**Excerpted data:**
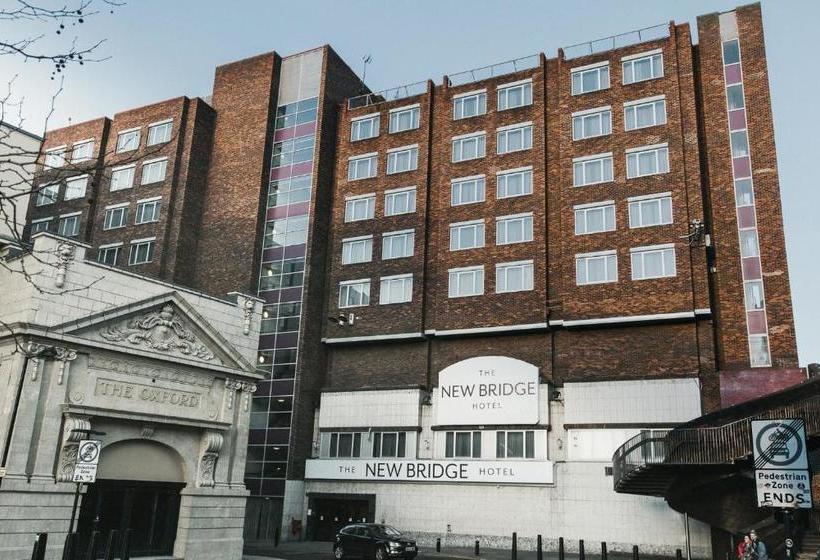 酒店 The Newbridge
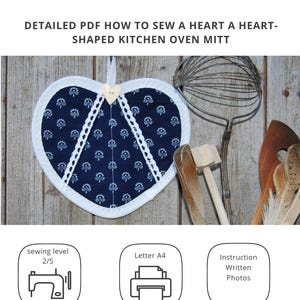 Pode incluir: Um padrão de costura de luva de forno em forma de coração. A luva é azul marinho com um padrão floral branco e acabamento branco. A imagem inclui o texto: "PDF Sewing Pattern" e "Detailed PDF how to sew a heart-shaped kitchen oven mitt."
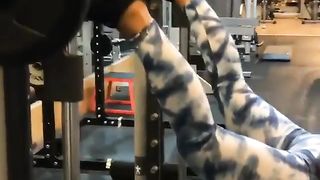 Bella figa in palestra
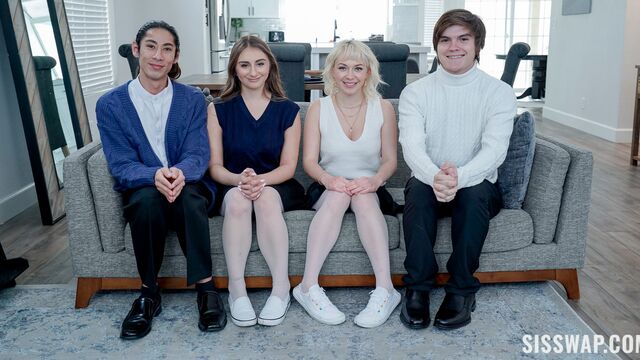 Perfect Body bang with gorgeous Ava Sinclaire and Penelope Kay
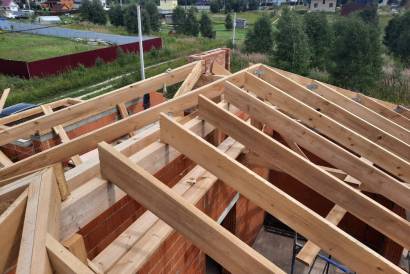 Монтаж цементно-песчаной черепицы BRAAS Таунус (цвет графит) с обустройством вентиляции и изготовлением дымника. — фото-1457_3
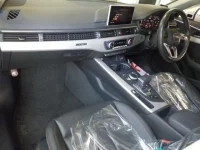 Audi A4 лот № 625 оценка R  с аукциона в Японии 2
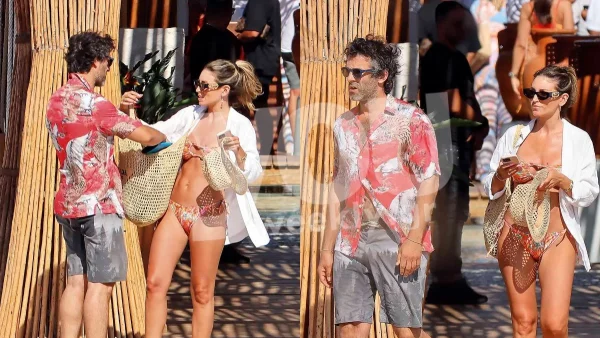 Σούσουρο σε παραλία της Μυκόνου με την Οικονομάκου και τον Μιχόπουλο - Αποκλειστικές φωτογραφίες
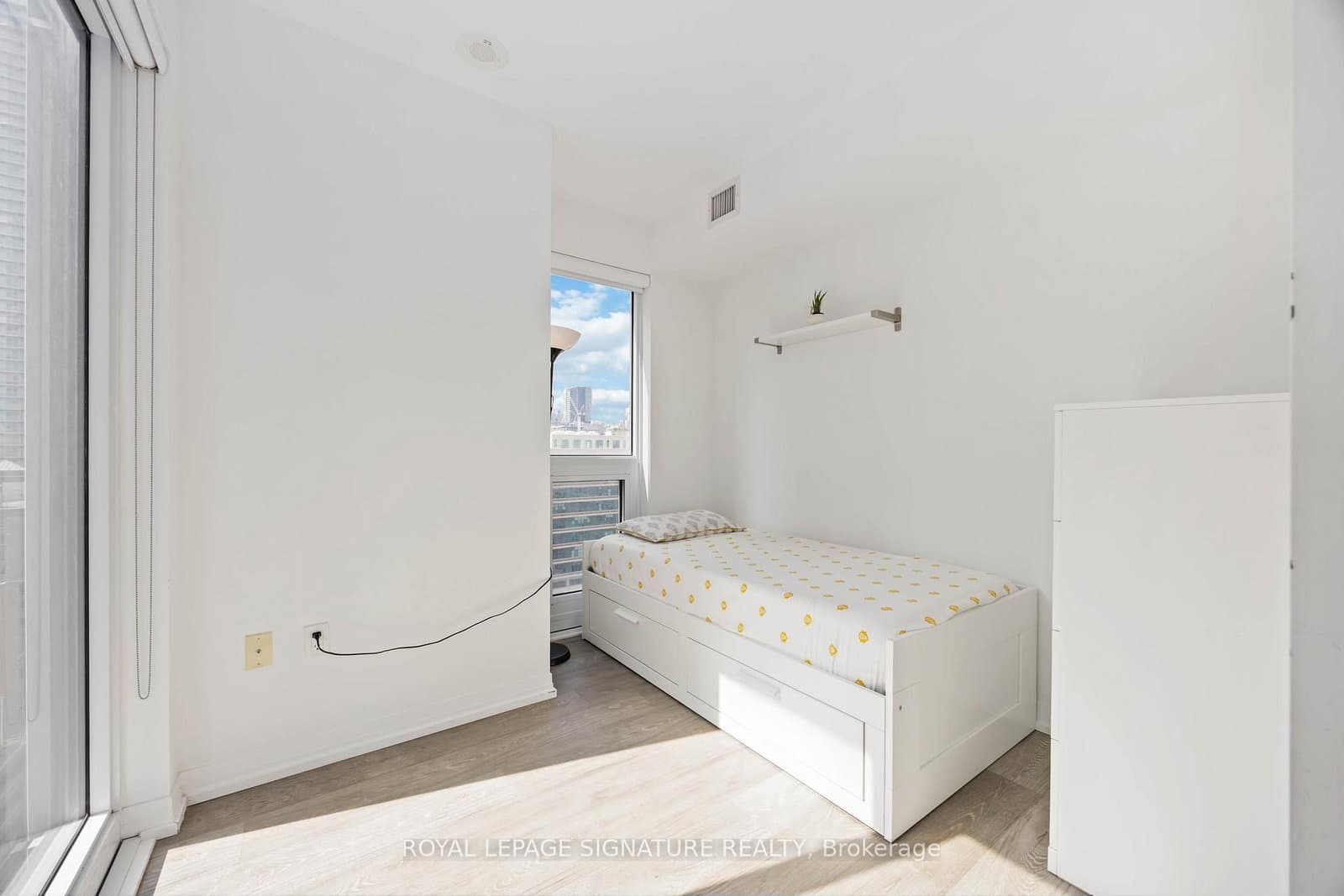 251 Jarvis Street, Unit 1725 thumbnail 25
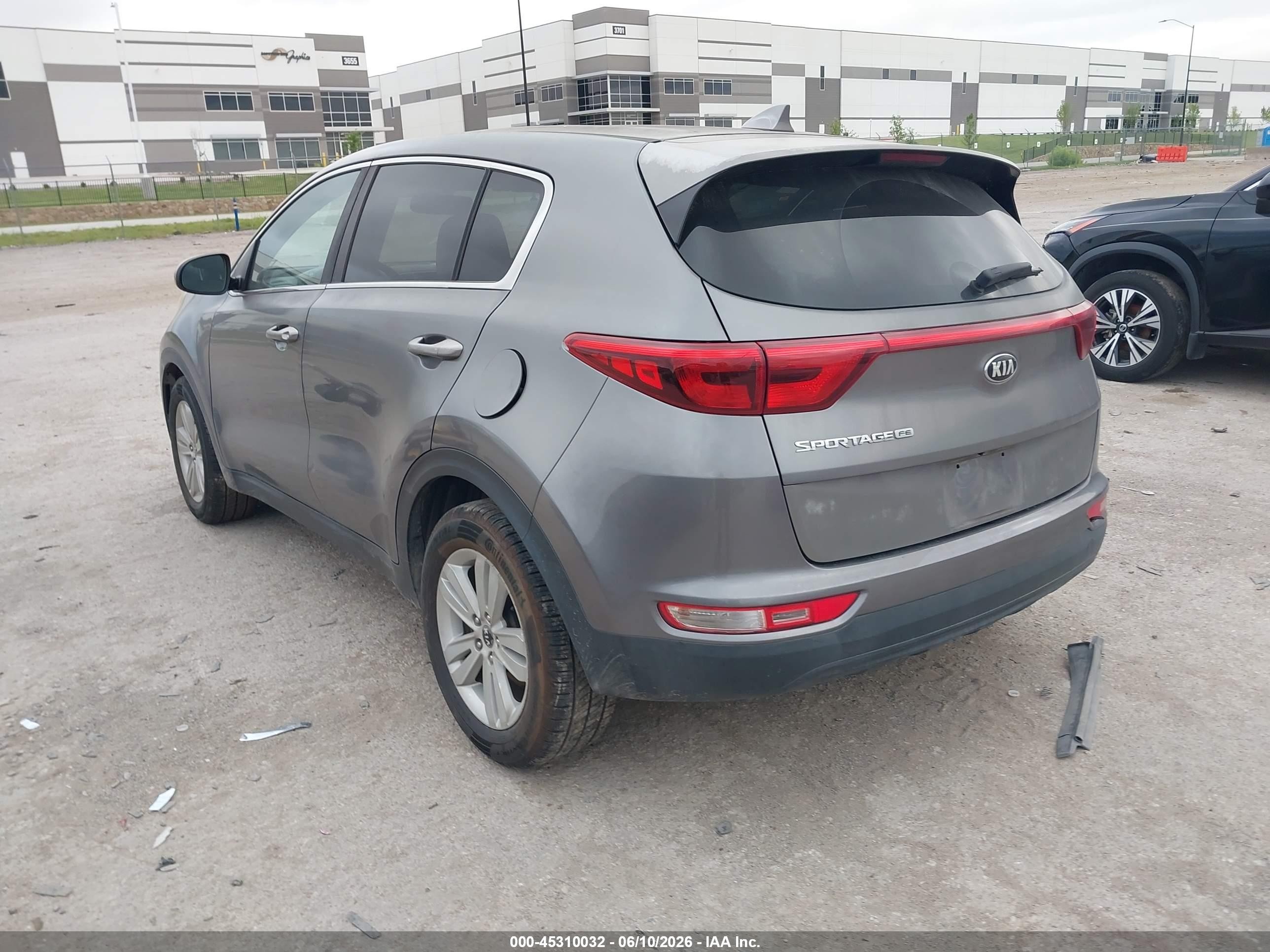 2017 Kia Sportage VIN KNDPM3AC4H7160480 IAAI salvage auction — Side, Original (Texas), sold $1,900 on 2026-07-10 (photo 3)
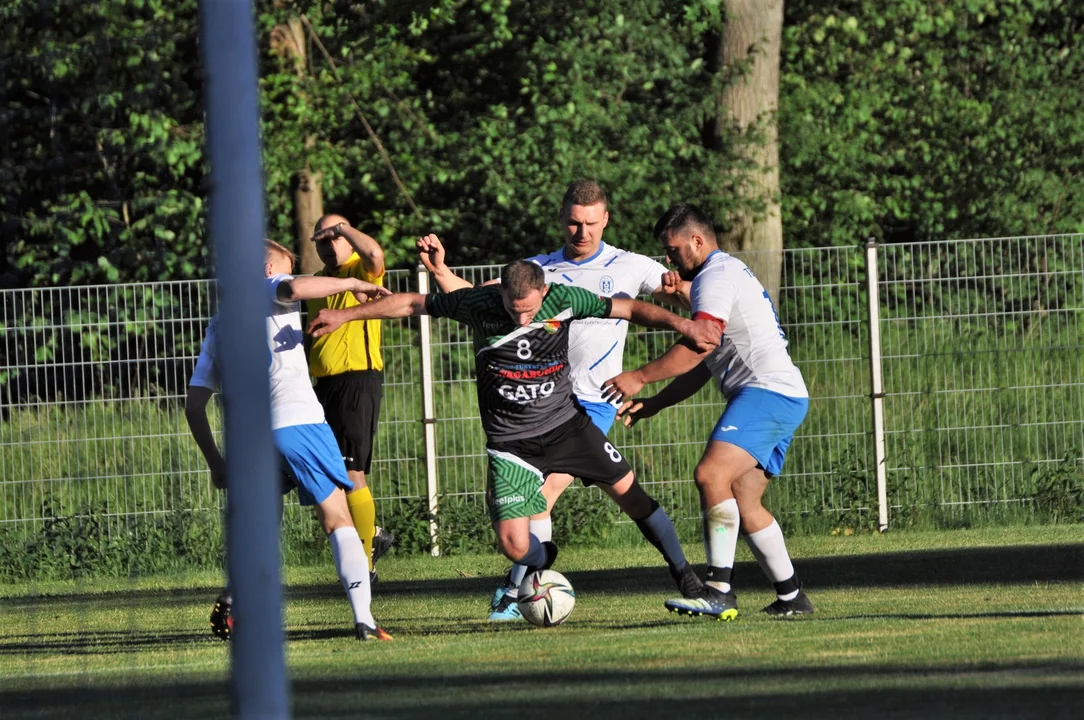 Zryw Dzikowiec vs. Tempo Cmolas. Na stadionie w Weryni padły 4 bramki [ZDJĘCIA] - Zdjęcie główne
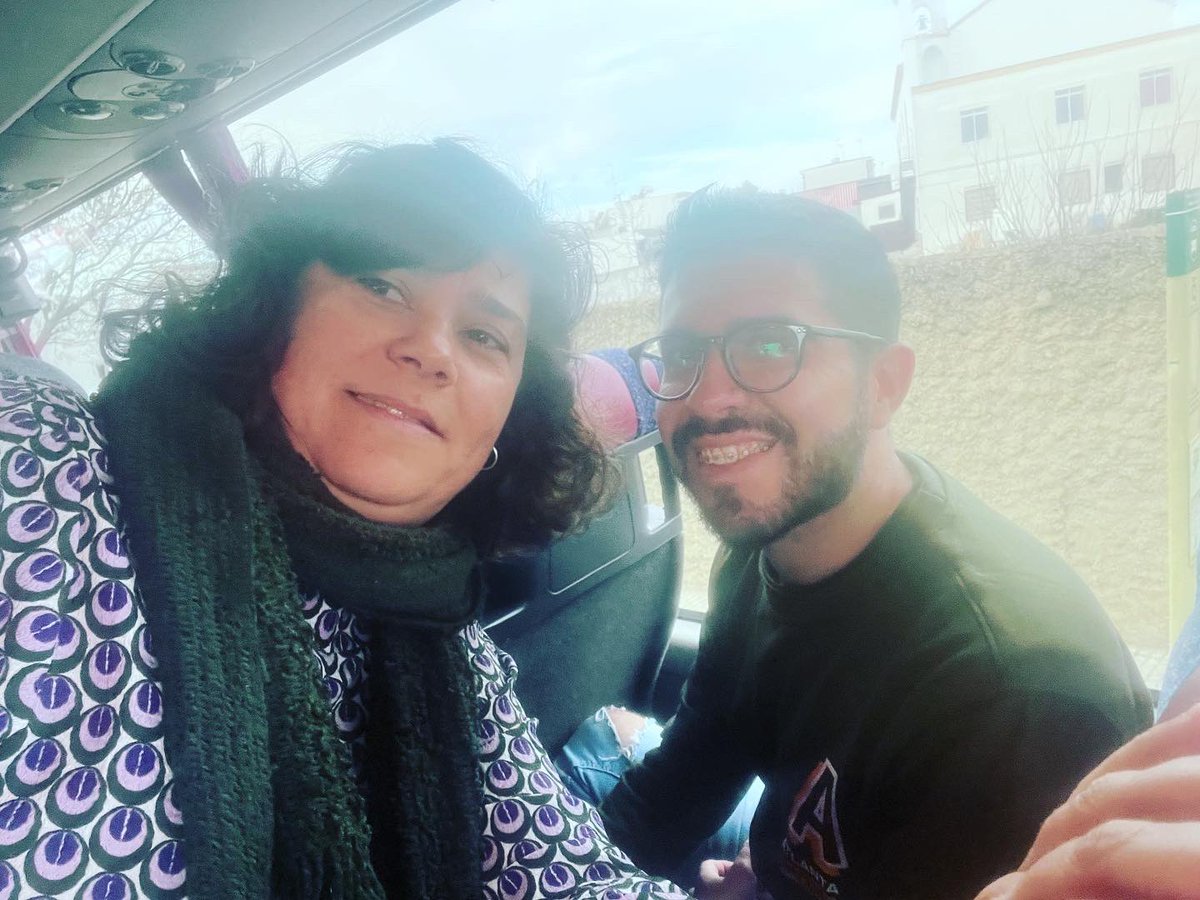 Carmenalvare_'s tweet photo. Camino de #Sevilla en defensa de los servicios públicos 💚🤍💚 y por La Paz.
Desde IU Sanlúcar llenamos el bus para defender los intereses de las y los trabajadores ✊🏻
#28feb2023 #28F
https://t.co/G2GVIryVQx https://t.co/ACCk8dcgLL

**Task to carry out:**
What is needed is a word-for-word repeat of every line from the line with "Pode incluir: Um" to the end of the entries above; leave out the pictures.

**Solved problem:**
 Pode incluir: Um padrão de costura de luva de forno em forma de coração. A luva é azul marinho com um padrão floral branco e acabamento branco. A imagem inclui o texto: "PDF Sewing Pattern" e "Detailed PDF how to sew a heart-shaped kitchen oven mitt."
 Bella figa in palestra
 Perfect Body bang with gorgeous Ava Sinclaire and Penelope Kay
 Монтаж цементно-песчаной черепицы BRAAS Таунус (цвет графит) с обустройством вентиляции и изготовлением дымника. — фото-1457_3
 Audi A4 лот № 625 оценка R  с аукциона в Японии 2
 Σούσουρο σε παραλία της Μυκόνου με την Οικονομάκου και τον Μιχόπουλο - Αποκλειστικές φωτογραφίες
 251 Jarvis Street, Unit 1725 thumbnail 25
 2017 Kia Sportage VIN KNDPM3AC4H7160480 IAAI salvage auction — Side, Original (Texas), sold $1,900 on 2026-07-10 (photo 3)
 Zryw Dzikowiec vs. Tempo Cmolas. Na stadionie w Weryni padły 4 bramki [ZDJĘCIA] - Zdjęcie główne
 Carmenalvare_'s tweet photo. Camino de #Sevilla en defensa de los servicios públicos 💚🤍💚 y por La Paz.
Desde IU Sanlúcar llenamos el bus para defender los intereses de las y los trabajadores ✊🏻
#28feb2023 #28F
https://t.co/G2GVIryVQx https://t.co/ACCk8dcgLL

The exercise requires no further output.